Philippe Lançon, Elvin Jones & Cabu

Philippe Lançon, Elvin Jones & Cabu

Philippe Lançon, journaliste et écrivain, a fait partie des personnes frappées lors de l’attentat de Charlie-Hebdo. Il a survécu, mais a été fortement atteint et raconte tout cela dans un excellent livre « Le lambeau » qui a reçu plusieurs prix, dont le Femina et un prix « spécial » Renaudot et que je vous conseille sans réserve.
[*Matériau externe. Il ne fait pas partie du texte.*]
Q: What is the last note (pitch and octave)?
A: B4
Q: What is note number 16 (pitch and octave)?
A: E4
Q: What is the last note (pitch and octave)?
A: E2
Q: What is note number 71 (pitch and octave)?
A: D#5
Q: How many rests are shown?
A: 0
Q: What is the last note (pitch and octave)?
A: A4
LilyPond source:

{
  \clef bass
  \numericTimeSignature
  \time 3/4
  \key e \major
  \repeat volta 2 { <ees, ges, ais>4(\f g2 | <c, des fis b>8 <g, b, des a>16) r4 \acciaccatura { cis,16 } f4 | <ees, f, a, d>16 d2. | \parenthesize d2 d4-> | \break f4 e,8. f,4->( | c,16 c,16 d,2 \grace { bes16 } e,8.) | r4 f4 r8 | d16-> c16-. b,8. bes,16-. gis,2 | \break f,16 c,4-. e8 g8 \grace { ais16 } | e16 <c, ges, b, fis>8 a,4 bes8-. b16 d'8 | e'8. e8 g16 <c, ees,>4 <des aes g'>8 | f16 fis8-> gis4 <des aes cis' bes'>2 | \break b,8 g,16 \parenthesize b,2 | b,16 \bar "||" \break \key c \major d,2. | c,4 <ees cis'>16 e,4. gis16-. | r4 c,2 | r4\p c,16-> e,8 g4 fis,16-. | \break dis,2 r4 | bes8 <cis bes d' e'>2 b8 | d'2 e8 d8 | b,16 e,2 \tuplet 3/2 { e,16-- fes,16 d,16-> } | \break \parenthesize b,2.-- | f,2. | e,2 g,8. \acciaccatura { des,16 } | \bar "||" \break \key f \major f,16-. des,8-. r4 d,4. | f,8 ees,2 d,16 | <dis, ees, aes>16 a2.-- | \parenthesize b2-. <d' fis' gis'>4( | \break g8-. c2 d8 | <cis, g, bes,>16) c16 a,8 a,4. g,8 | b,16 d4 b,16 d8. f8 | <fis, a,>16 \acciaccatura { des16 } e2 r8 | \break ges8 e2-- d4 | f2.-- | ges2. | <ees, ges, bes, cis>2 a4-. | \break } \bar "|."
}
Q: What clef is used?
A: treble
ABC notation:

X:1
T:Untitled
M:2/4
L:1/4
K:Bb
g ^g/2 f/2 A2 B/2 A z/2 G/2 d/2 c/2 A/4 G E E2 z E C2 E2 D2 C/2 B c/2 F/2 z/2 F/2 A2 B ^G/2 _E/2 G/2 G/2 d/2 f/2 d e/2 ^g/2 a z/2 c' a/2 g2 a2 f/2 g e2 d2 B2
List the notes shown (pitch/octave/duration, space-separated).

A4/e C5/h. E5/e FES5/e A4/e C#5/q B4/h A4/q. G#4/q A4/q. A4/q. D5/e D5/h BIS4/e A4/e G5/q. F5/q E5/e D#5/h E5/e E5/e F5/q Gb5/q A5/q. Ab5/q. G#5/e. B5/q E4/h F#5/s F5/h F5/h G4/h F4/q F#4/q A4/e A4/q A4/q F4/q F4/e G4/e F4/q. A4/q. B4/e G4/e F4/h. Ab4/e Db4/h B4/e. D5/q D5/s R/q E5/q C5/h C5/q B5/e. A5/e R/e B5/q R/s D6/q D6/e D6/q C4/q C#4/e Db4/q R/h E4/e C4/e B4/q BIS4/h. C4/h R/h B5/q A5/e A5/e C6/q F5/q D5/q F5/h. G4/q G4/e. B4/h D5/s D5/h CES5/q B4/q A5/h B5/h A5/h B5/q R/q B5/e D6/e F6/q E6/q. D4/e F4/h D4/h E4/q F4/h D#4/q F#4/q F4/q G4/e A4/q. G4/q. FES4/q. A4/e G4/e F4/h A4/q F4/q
Philippe Lançon parle d’Elvin Jones : « En 2004, après avoir écrit sur sa mort , j’écris sur lui une chronique dans Charlie. Cabu se souvient, de son côté, des circonstances où il a vu le batteur, en plein air, au festival de Châteauvallon. Il me le raconte et j’insère son souvenir dans ma chronique : « Soudain l’orage éclate. Il est violent. Les musiciens et le gros du public, tout le monde disparaît peu à peu comme dans la Symphonie des Adieux; Tout le monde sauf Jones. Déchaîné, démesuré battant la mesure d’outre-tombe, le géant aux mains d’acier anime les peaux et les cuivres parmi les éclairs, seul comme un dieu oublié, un dieu oriental aux mille bras. L’orage semble avoir été créé pour lui . Il se fond dedans. Il a cinquante ans, le tonnerre demeure. » C’était en 1977. Vingt-sept ans plus tard, Cabu en fait un dessin qui, posé à côté de ma chronique, lui donne une valeur qu’elle n’a pas, qu’elle n’aurait pas en tout cas sans lui: être « illustré » par Cabu, en particulier sur le jazz ou plutôt accompagner par écrit l’un de ses dessins, me fait alors rejoidre une adolescence heureuse, celle où je découvrais en même temps que Céline, Cavanna, Coltrane et Cabu. C’est à peu près comme si, écrivant en 1905 un roman se déroulant dans le monde des danseuses, les illustrations du livre étaient faites par Degas. »

Cette scène est d’une puissance incroyable, le batteur reste seul à jouer pour les dieux et les diables, se sentant assez fort pour leur tenir la dragée haute. La violence de l’orage est aléatoire, non maitrisée et arythmique alors que la science d’Elvin Jones est totalement maîtrisée et polyrythmique. Les deux ont une puissance et un imprévisibilité hors du commun.

Philippe Lançon avait amené à Charlie hebdo « Blue Note » un gros livre sur le jazz contenant en page 164 une photo d’Elvin Jones en train d’enregister un album de Wayne Shorter, afin de montrer cette photo à Cabu. Nous sommes dans les minutes qui précèdent le déchaînement de violence du 7 janvier 2015.

Il écrit : « La photo d’Elvin Jones date de 1964 et s’étale sur les pages 152-153. C’est un gros plan. Il allume une cigarette de la main droite, énorme et fine à la fois, qui tient les deux baguettes en croix. Il porte une élégante chemise à carreaux fins, légèrement ouverte. Les manches ne sont pas relevées. Les yeux clos, il tire sur la cigarette. La moitié du visage, puissant et anguleux, est prise dans le triangle supérieur dessiné par les deux baguettes ».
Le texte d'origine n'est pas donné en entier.